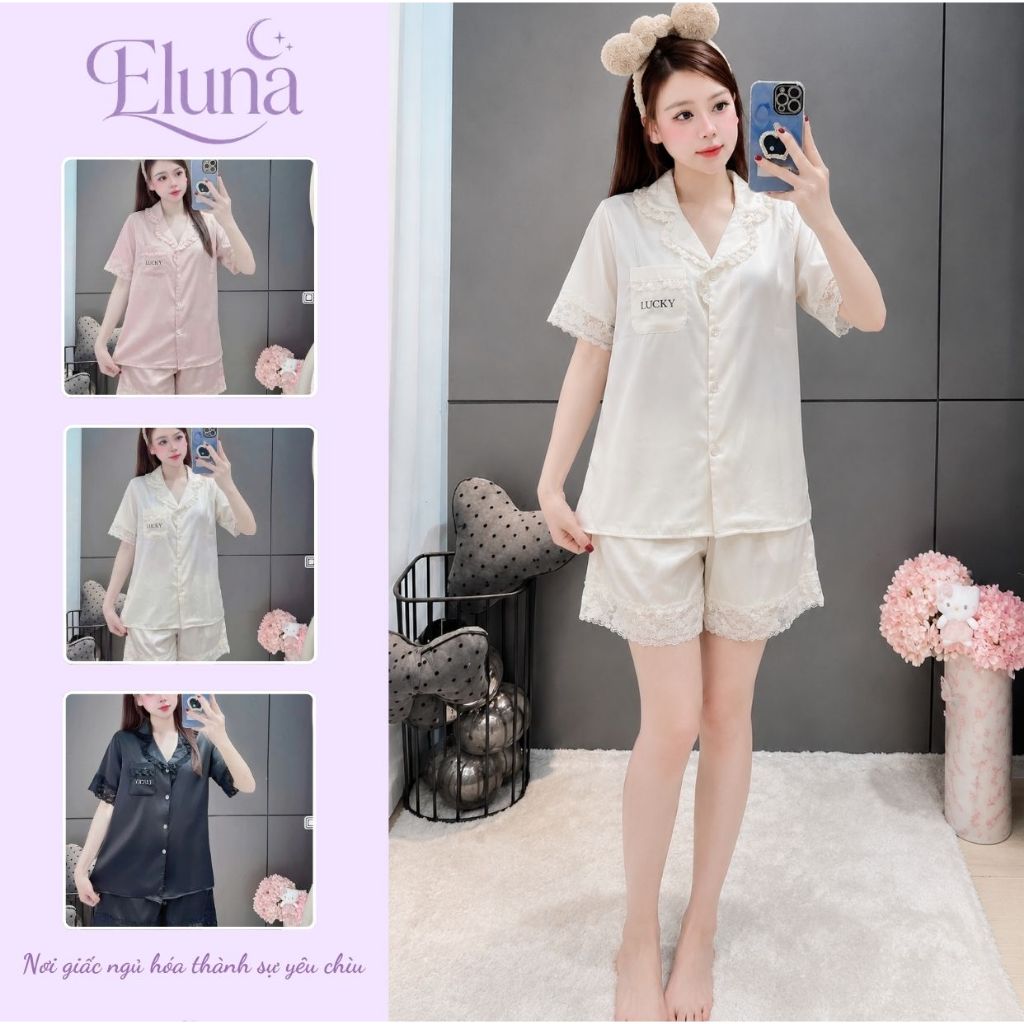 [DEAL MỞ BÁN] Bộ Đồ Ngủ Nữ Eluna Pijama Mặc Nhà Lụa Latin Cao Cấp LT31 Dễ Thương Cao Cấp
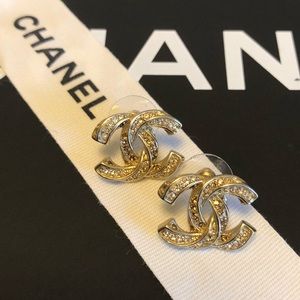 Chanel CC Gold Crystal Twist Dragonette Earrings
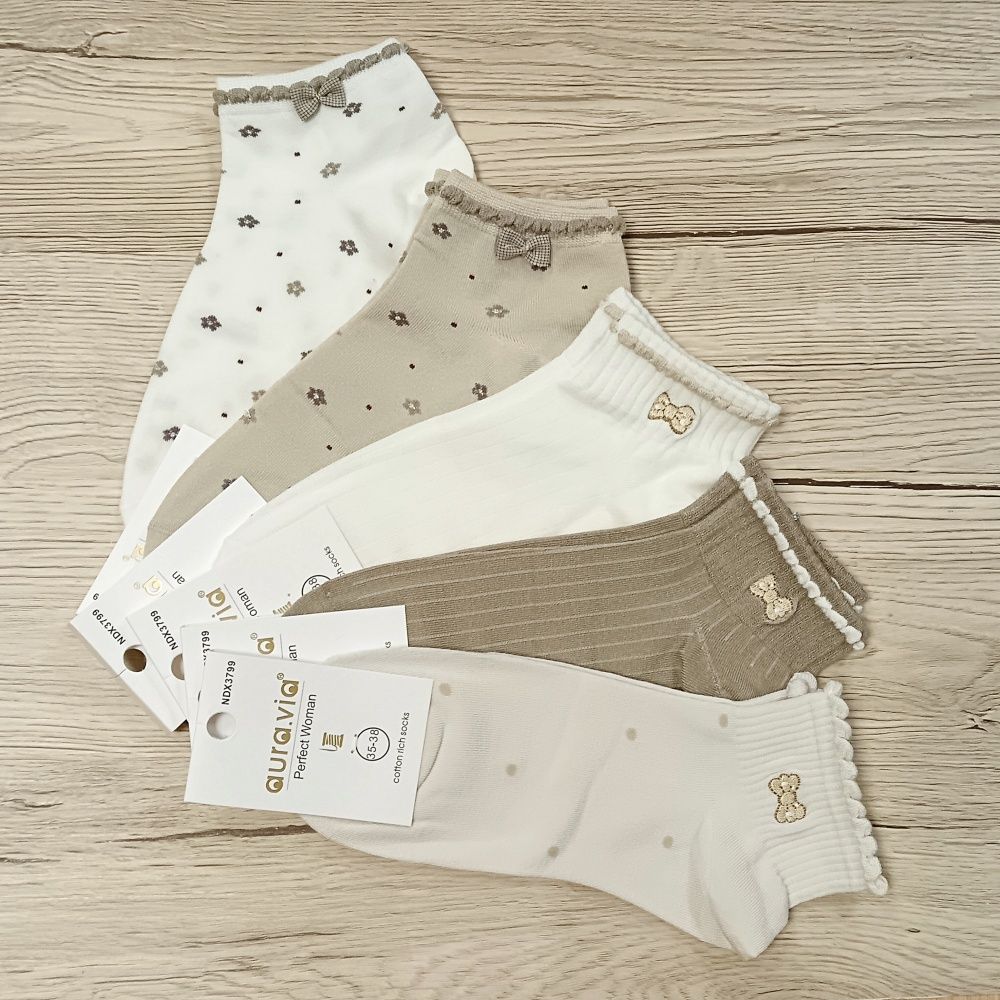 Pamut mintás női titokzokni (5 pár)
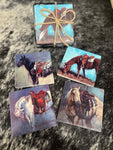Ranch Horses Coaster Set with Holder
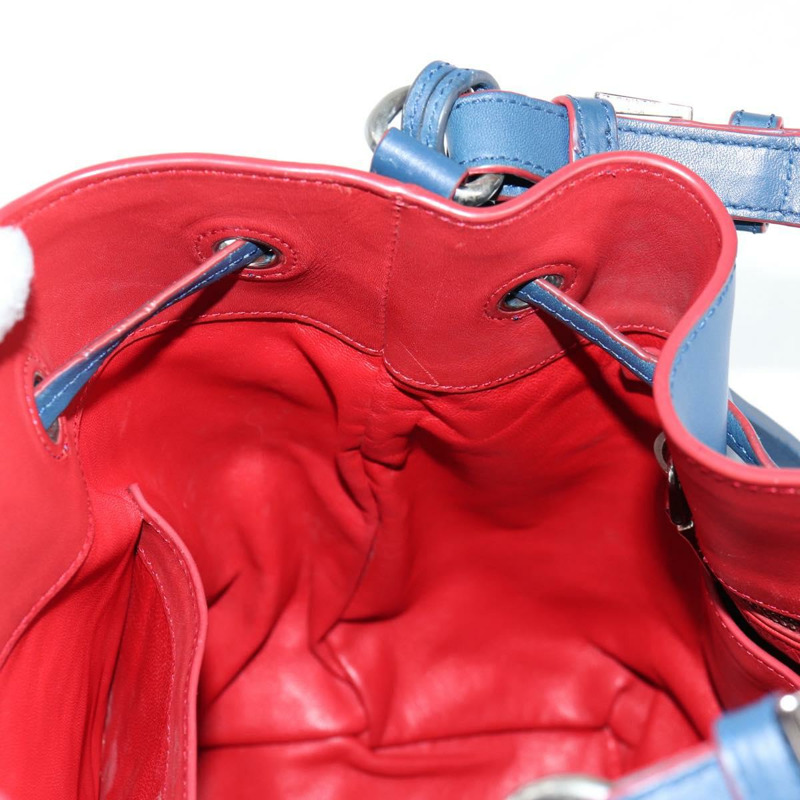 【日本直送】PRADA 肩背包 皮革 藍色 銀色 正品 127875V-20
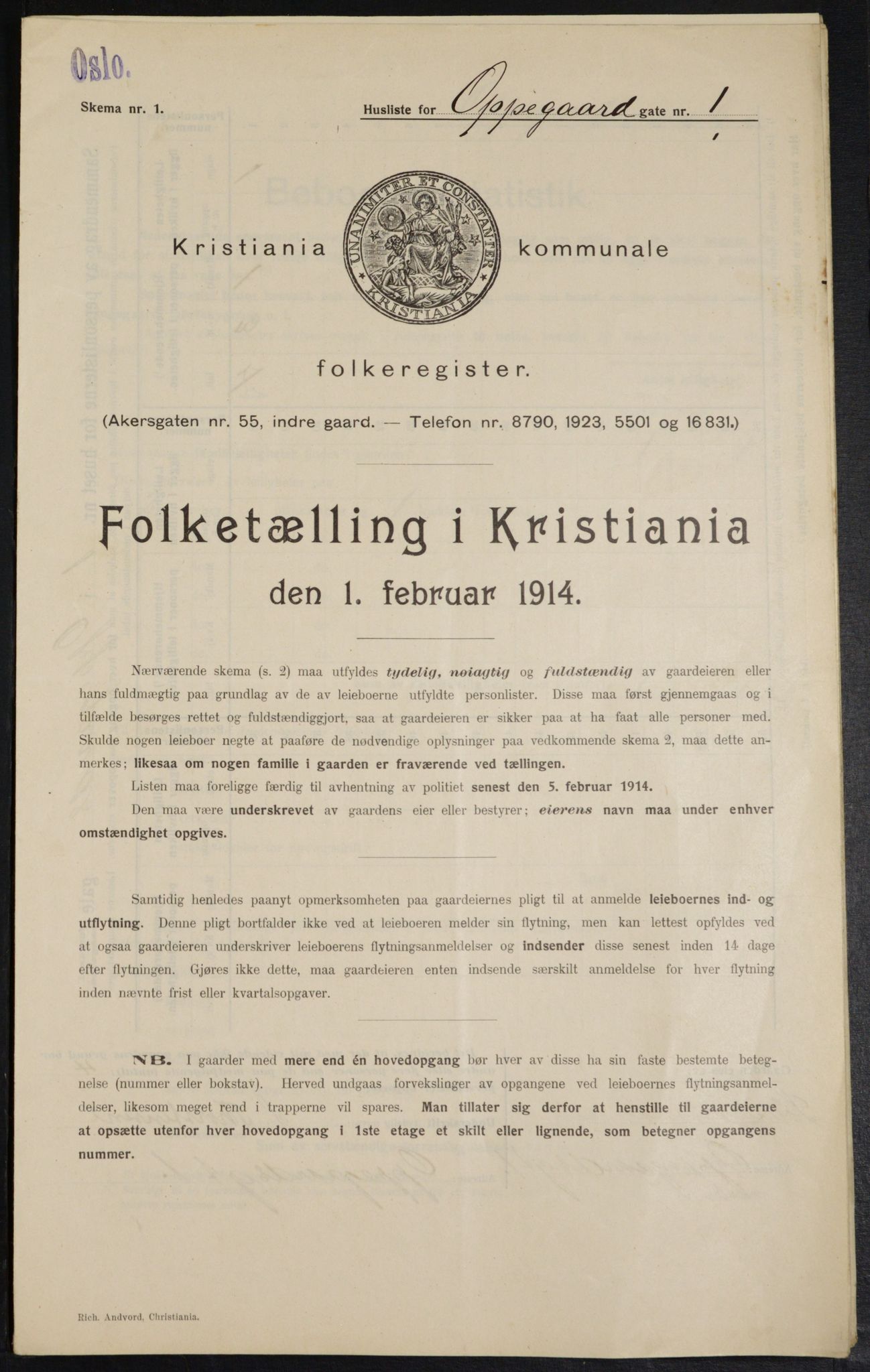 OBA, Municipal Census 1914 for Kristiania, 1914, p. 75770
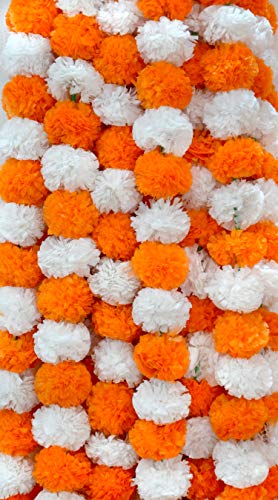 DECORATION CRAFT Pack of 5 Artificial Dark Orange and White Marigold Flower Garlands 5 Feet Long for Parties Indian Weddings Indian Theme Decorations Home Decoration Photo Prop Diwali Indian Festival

_____

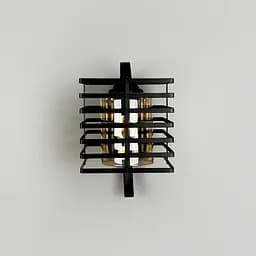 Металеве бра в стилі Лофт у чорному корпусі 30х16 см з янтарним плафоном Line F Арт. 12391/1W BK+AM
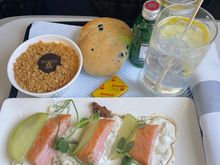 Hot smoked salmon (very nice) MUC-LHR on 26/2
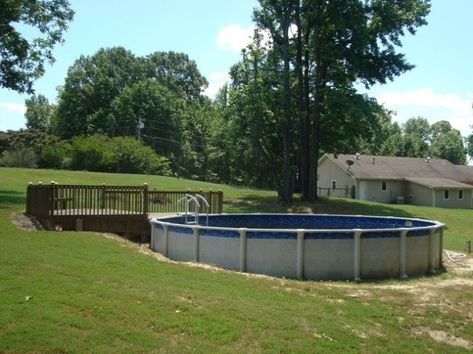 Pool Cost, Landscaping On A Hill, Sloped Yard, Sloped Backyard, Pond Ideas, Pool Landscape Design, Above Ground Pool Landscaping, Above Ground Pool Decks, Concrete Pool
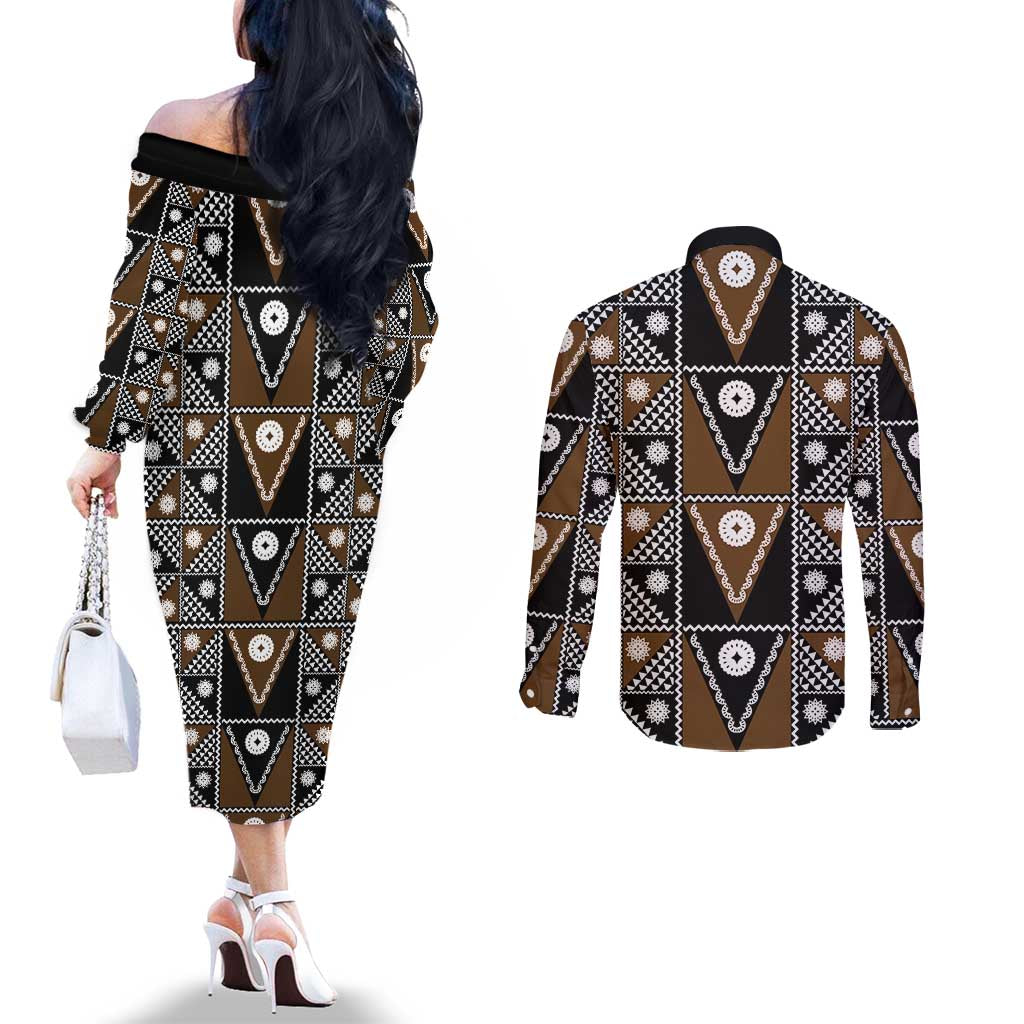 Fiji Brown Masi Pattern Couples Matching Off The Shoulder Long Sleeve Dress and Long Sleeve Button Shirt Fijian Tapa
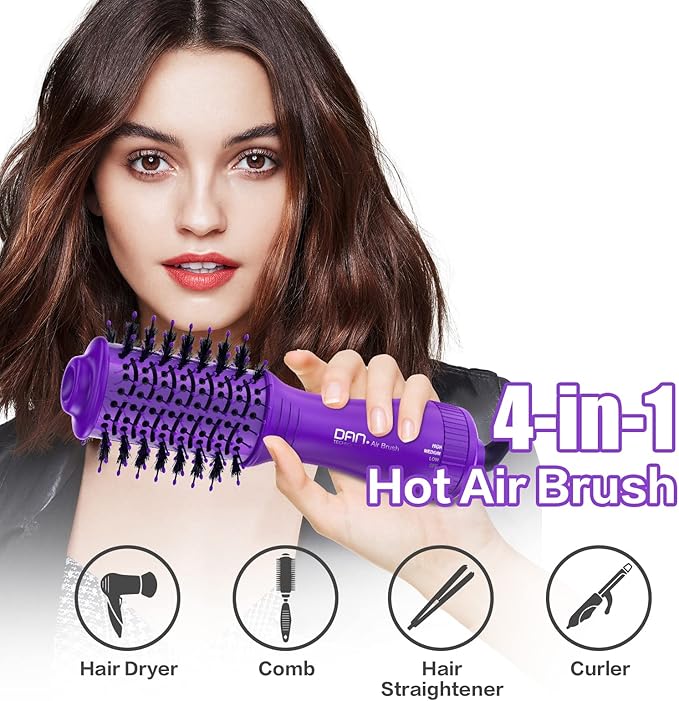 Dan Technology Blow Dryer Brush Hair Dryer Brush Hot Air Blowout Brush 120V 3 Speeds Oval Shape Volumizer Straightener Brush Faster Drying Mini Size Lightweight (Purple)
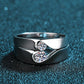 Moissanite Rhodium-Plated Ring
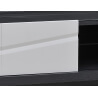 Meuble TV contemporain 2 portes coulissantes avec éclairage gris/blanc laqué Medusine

_____

The result should be an exact copy of only the lines above from the one that holds "[DEAL MỞ BÁN]" through the one that holds "DECORATION CRAFT Pack", both ends included, without pictures.

 [DEAL MỞ BÁN] Bộ Đồ Ngủ Nữ Eluna Pijama Mặc Nhà Lụa Latin Cao Cấp LT31 Dễ Thương Cao Cấp
 Chanel CC Gold Crystal Twist Dragonette Earrings
 Pamut mintás női titokzokni (5 pár)
Ranch Horses Coaster Set with Holder
 【日本直送】PRADA 肩背包 皮革 藍色 銀色 正品 127875V-20
 OBA, Municipal Census 1914 for Kristiania, 1914, p. 75770
 DECORATION CRAFT Pack of 5 Artificial Dark Orange and White Marigold Flower Garlands 5 Feet Long for Parties Indian Weddings Indian Theme Decorations Home Decoration Photo Prop Diwali Indian Festival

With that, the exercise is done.